Tomorrow’s Express, Drive My Car, Little Fires Everywhere: see March selection

Who are we getting ready for the Oscars 2022? The awards take place this weekend and a part of our What are we watching? this month is with some of the titles that compete for the Academy award, such as Drive My Car (Best Film) and Três Canções para Benazir (Best Short Film Documentary).

Other than that, there are also classic movies and, of course, the traditional series! Come spy on the March selection and don’t forget to tell us in the comments what you’ve been seeing too?

What are we watching?

Tomorrow’s Express
By: Alvaro Scola

Movies that show a post-apocalyptic world have always caught my attention, but it’s been a while since I found a series that caught my eye. The Expresso do Amanhã, on the other hand, caught my attention for bringing this idea of ​​apocalypse, but in a different way because it brings together a lot of people on a train and not in different corners of the Earth.

The series is not quite new, it premiered in 2020, but I’m at the beginning of it and, I admit, I can’t see less than two chapters a day! # stay

Where to watch: Netflix

Tomorrow's Express, Drive My Car, Little Fires Everywhere: see March selection By: Igor Shimabukuro

Even though I’m not a big fan of superhero works — don’t cancel me out, Marvel or DC fans — I decided to give the WandaVision series a chance. Maybe I was subpoenaed to start the marathon? Maybe. Is it possible that I didn’t even really know who the Scarlet Witch was? It’s possible — seriously, don’t cancel me! Still, the series has pleased me (and a lot).

Probably because WandaVision brings a different take on other series of heroes, like Smallville, Arrow, or Flash, for example. Not much beating, fighting and bloodshed. In fact – and without spoilers -, it is nothing more than a sitcom initially set in the 50s, in which reality and fiction mix at all times. And all this involving Wanda (Scarlet Witch) and Vision.

There are still a few chapters left (and the first season only has nine). But to better understand the Marvel universe, I will certainly need to review the series in its entirety after marathoning the Avengers movies. A little late? Maybe. But I’ve always been told that it’s never too late for anything!

Where to watch: Disney+

Lars von Trier Duo: Nymphomaniac and The House That Jack Built
Tomorrow's Express, Drive My Car, Little Fires Everywhere: see March selection By: Luiz Nogueira

Last weekend, I decided to watch some of the movies that were on my never-ending list of productions to see before I die. This time, I chose two of the features by Lars von Trier, a Danish filmmaker who usually shocks audiences with heavy themes and stomach-churning scenes.
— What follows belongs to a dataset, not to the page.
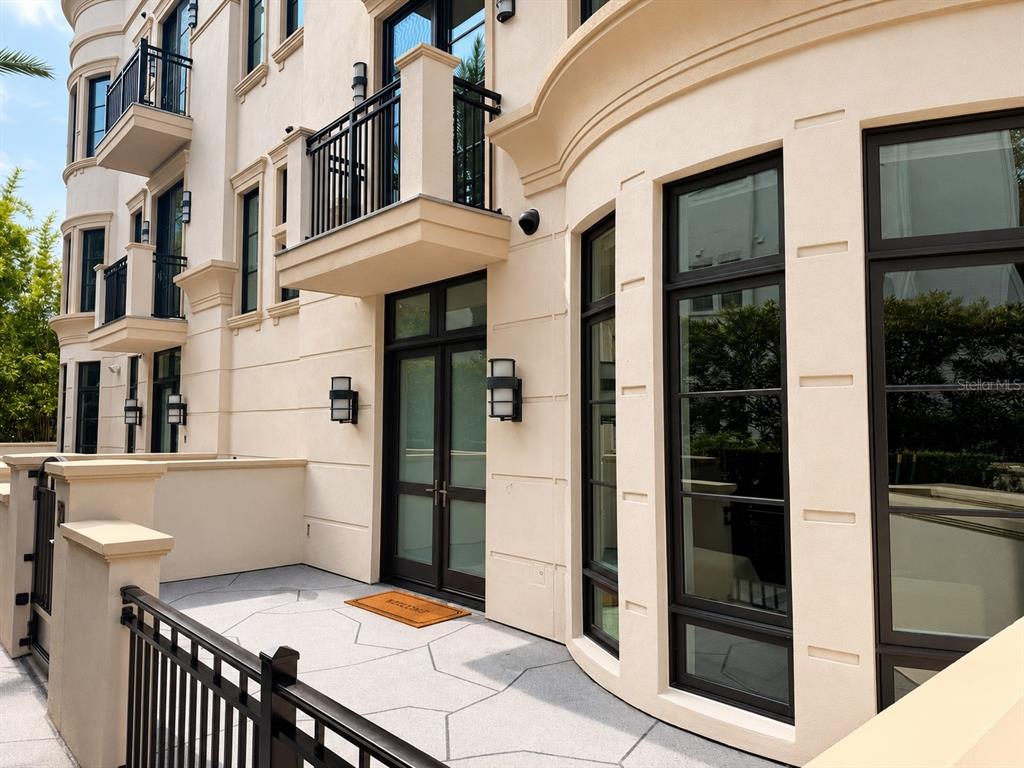 A beige building exterior features a ground-level patio, black-framed glass doors, and upper-level balconies — 125 S INTERLACHEN AVENUE UNIT 2, WINTER PARK, FL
In Nymphomaniac, which is divided into two parts, we follow the story of Joe, a woman who, as the name suggests, is addicted to sex. The feature has very disturbing scenes at times – including one of the worst sequences I’ve seen in my life. Even so, it’s a good movie, with interesting development and an unimaginable plot twist in the final moments. When the movie starts, there’s a warning that it’s a censored version — and if that’s the cut-scenes variant, the full version must be even more shocking!

The House That Jack Built is a little lighter and tells the story of Jack, an ordinary man who, overnight, decides to become a serial killer. What is interesting here is the playfulness, since the feature is an allegory to the Divine Comedy, by Dante Alighieri — including a scene that refers directly to the inspiring work.
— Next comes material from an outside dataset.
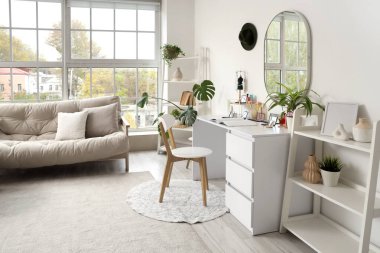 Makyaj masası, raf ünitesi ve kanepesi olan hafif soyunma odası.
Where to watch: Nymphomaniac, available on Netflix; The House That Jack Built available on TeleCine and AppleTV+

Drive My Car
Tomorrow's Express, Drive My Car, Little Fires Everywhere: see March selection By: Marcelo Rodrigues

With the Oscars rolling this weekend, nothing more fair than talking about one of the most elite films of the Hollywood awards, isn’t it? Based on the short story of the same name by Japanese writer Haruki Murakami (who has appeared in our “What We’re Reading” column), Drive My Car tells the story of an actor and theater director who has his happy life as a couple shattered from one moment to the next and needs to learn to live with grief and the different faces of love.
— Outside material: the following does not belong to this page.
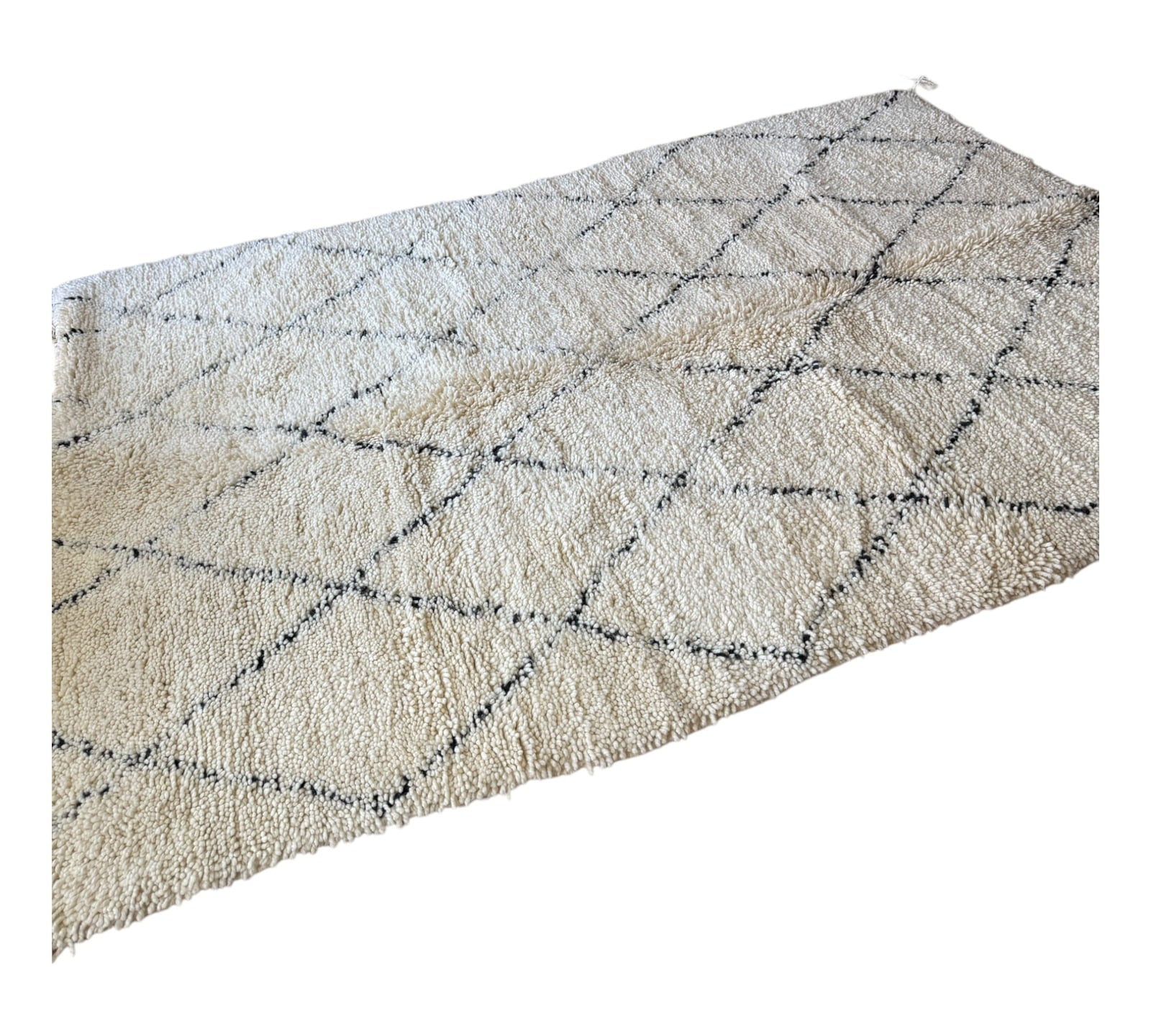 white & black diamonds symethrical beni ourain moroccan rug side shot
It’s beautiful, it’s artistic and, like all good Murakami, speaks to a part of the people we don’t always want to see – but we were happy to visit it at the end of the journey. Do you have a complete review here on TecMasters? Yes he has. Will it win the Oscar for Best Picture? Do not go. Is it a film? Absolutely!

Where to watch: in theaters (and later on MUBI)

Three Songs for Benazir
Tomorrow's Express, Drive My Car, Little Fires Everywhere: see March selection By: Renata Aquino

Living at war is no exception, but everyday in some parts of the world. Still, there is room for love, for dreaming and for youth. Three Songs for Benazir is a bit of that. The documentary, which could be a movie, shows joy and sadness at the same time.

The story depicts the life of Shaista and Benazir, a young Afghan couple who live on a tiny plot of land in a refugee camp and dream. They build a house, they want to have children, they want to run away and, at the same time, they honor their parents and their customs. Nominated for an Oscar for best documentary, he deserves to be highlighted. It is a reminder of our possibility to love and to destroy.

Where to watch: Netflix

Little Fires Everywhere
Tissiane Vincentin By: Tissiane Vincentin

One more drama for my list: the miniseries, based on the novel of the same name by Celeste Ng, tells the story of two families. On one side we have Elena (Reese Witherspoon): white, known to everyone in town, the typical American model mother with four children, a loving husband – the “perfect family”. On the other side, Mia (Kerry Washington): black, single mother of an amazing girl, artist who lives moving from city to city and arrives to live in Elena’s neighborhood – and, more than that, in the house Elena rents.

It sounds like a standard story — and at times it really is — but as the episodes go by, we discover that there’s a lot more behind each of the characters. Something that viewers can see especially through the feature of flashbacks, which show the pains that tear each character under their everyday masks, and it becomes clearer to understand how the past impacts the current scenario of each of the lives shown.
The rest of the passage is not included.